Having a good handle on Economics will provide you with a context in which to analyze and explain what is going on in the larger world in which your enterprise operates and which surrounds our lives. It will also help provide the ability to make more accurate and reasoned predictions about future. This is important for planning, budgeting and strategy. And it will help you react quicker and smarter, in a reasoned fashion, to unforeseen changes in the environment.
Business economics can be divided into three disciplines:
· Micro Economics: the study of individual behavior and purchasing decision, the theory of the firm and production, and the study of competition and market structures.
· Managerial Economics: the study of applying Micro Economic theory to managerial decision-making.

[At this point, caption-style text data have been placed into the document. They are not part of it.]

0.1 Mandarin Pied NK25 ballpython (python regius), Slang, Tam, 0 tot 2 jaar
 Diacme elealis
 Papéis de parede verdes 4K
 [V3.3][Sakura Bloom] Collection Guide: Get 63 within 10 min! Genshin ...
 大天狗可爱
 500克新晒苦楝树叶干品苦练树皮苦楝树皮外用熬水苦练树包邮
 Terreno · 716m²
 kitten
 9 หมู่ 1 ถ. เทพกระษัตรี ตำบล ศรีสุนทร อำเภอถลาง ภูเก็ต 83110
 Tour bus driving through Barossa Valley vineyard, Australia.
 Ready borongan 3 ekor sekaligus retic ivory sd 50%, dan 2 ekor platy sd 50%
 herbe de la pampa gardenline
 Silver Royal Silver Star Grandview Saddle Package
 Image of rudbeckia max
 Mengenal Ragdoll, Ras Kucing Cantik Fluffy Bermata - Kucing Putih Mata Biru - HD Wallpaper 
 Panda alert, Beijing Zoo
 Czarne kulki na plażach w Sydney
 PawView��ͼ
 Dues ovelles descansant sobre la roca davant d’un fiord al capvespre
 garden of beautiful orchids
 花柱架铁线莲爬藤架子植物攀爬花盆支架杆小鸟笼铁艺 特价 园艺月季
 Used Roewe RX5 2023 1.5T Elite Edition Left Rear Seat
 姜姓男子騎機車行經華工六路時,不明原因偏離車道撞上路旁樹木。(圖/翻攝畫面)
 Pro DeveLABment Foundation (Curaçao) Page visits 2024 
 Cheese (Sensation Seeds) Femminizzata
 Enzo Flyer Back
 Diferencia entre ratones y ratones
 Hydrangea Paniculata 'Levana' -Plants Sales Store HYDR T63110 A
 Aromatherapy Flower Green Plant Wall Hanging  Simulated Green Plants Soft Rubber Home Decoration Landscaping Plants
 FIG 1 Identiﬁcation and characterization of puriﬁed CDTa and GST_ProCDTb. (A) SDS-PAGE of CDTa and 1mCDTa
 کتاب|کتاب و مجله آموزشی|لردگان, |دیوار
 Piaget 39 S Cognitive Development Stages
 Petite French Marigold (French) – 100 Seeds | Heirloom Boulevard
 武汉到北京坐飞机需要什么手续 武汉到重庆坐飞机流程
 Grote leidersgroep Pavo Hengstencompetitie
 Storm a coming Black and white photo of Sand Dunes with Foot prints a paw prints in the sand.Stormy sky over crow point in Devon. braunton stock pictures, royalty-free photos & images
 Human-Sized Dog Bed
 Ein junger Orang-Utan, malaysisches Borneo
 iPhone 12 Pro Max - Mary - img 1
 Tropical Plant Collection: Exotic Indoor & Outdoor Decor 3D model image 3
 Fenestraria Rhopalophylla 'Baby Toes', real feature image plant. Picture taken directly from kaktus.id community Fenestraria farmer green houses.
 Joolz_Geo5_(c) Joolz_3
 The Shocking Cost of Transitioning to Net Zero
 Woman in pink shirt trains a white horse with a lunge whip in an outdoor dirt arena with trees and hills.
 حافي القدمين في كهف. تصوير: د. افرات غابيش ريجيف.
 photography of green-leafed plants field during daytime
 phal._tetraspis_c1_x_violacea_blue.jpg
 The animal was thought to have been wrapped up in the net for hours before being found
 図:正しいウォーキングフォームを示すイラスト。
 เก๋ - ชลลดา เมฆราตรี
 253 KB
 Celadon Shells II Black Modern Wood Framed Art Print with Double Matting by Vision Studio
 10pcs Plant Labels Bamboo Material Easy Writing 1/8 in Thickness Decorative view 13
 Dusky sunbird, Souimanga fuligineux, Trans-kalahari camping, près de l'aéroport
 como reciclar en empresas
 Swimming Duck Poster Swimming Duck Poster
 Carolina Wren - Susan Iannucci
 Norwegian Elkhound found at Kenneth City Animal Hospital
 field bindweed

· Macro Economics: the study of economies as a whole including: interest rates, monetary policy, banking, government regulation, and international trade.
Summary of Overview
Some of the topics introduced above spilled from one section into the next and may have seemed a bit redundant or repetitive in places. The fact is, these subjects all overlap and knit together in an operation. A well functioning organization cannot have each discipline and division operating in a silo. It is the role of the senior executives, the “C” level executives, to have a vision and overview that incorporates all the elements in a smoothly running manner. This book is here to help you become prepared for such a role and to understand the concerns of the big picture wherever you currently reside in an organization.
Occam’s Razor is a principle from the Middle Ages that essentially states “the simpler the better.” It is easy to get tied up in all the complications that can arise out of such a seeming large bunch of competing interests and concerns. How can one keep all of this in one’s head and make decisions taking it all into account on the fly in real time. That is where William Occam’s advice always helps to clear the air — the fewer assumptions that are made, the better.
In the interest of keeping it simple and being concise, here is a short summary of the above section. There are four areas to keep in mind when you are analyzing a business proposal or business performance, or when questioning the direction of your destiny for that matter:
· Strategy: develop and articulate a clear and compelling goal
· Structure: are we organized to meet that goal
· People: do we have the right people and capabilities to meet our goal
· Process: do we have the operations and supply chains we need to meet our target goals. Can we improve them?
Keep it Simple. Keep it Clear.
Much of effective communication and leadership hinges on clarity.